In the end, it saw its total number of seats reduced from the 331 it won in 2015 to 318. It breaks down to roughly £2m spent by donors for every MP the party lost.
In total, political parties received a record £40.1 million in donations in the three months from April to June, according to new figures.
The total was £9.4 million more than the previous highest quarter on record, which coincided with the 2015 general election.
The Conservatives’ largest donor was construction vehicle manufacturer JCB, which gave £1.5 million. Mark Bamford, the brother of JCB’s chairman Lord Bamford, also gave £750,000.
Former Tory treasurer Lord Ashcroft contributed £500,000 to the election war-chest - his first donation to the party since a gift from his Bearwood company in 2011.
Hedge fund manager John Armitage gave Mrs May’s party £1.1 million and Addison Lee founder John Griffin £1.033 million - the largest gifts yet given by the two long-standing Tory donors.
John Gore, the theatre producer behind The Book Of Mormon and Phantom Of The Opera, gave the Tories £1 million, entrepreneur David Brownlow gave £600,000.
In total, Conservatives received £24,840,627 over the three-month period, Labour £9,492,519, Liberal Democrats £4,358,410 and the Scottish National Party £596,000.
Ukip, which was boosted by a £1 million donation from Arron Banks ahead of the 2015 election, was less well-funded in 2017, receiving just £156,455 in the second quarter of the year.

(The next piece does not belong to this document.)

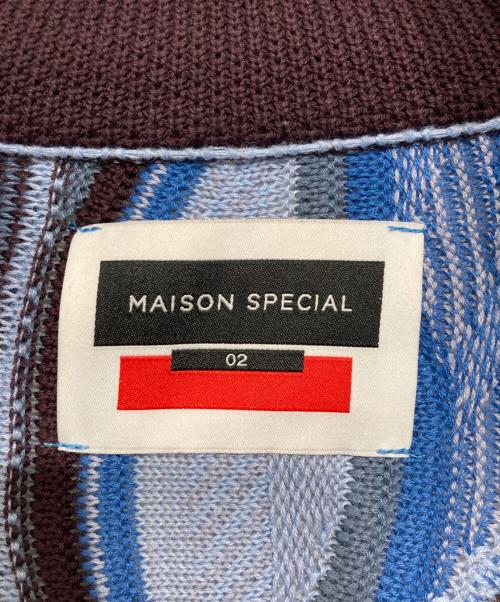 MAISON SPECIAL（メゾンスペシャル）MAISON SPECIAL Blister Jacquard Prime-Over Crew Neck Knit Pullover/ブリスタージャガードプライムオーバークルーネックニットプルオーバー ブルー サイズ:2の古着・服飾アイテム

This was less than the £282,931 donations to the Women’s Equality Party and the £176,363 received by the Greens. Plaid Cymru had donations of just £5,300.
The £40 million total was more than £30 million higher than the amounts received during the first three months of 2017, reflecting the short period parties had to build up their election war-chests as a result of Theresa May’s surprise decision to call a snap poll on April 18.
The biggest donor during the three-month period was the trade union Unite, which gave £4,165,935 to Labour.
Jeremy Corbyn’s party also benefited from gifts of £1,253,711 from the GMB union, £1,039,794 from the Communication Workers Union, £922,586 from Unison, and £411,340 from Usdaw.
The Liberal Democrats’ largest single donor in the three-month period was entrepreneur Andrew Dixon, who gave the party £305,100.
Electoral Commission director of political finance and regulation Bob Posner said: “The snap general election prompted political parties to raise record-breaking sums in the second quarter of 2017.
“The reporting and publication of this data is key to providing voters with transparency about how political parties financed their general election campaigns.”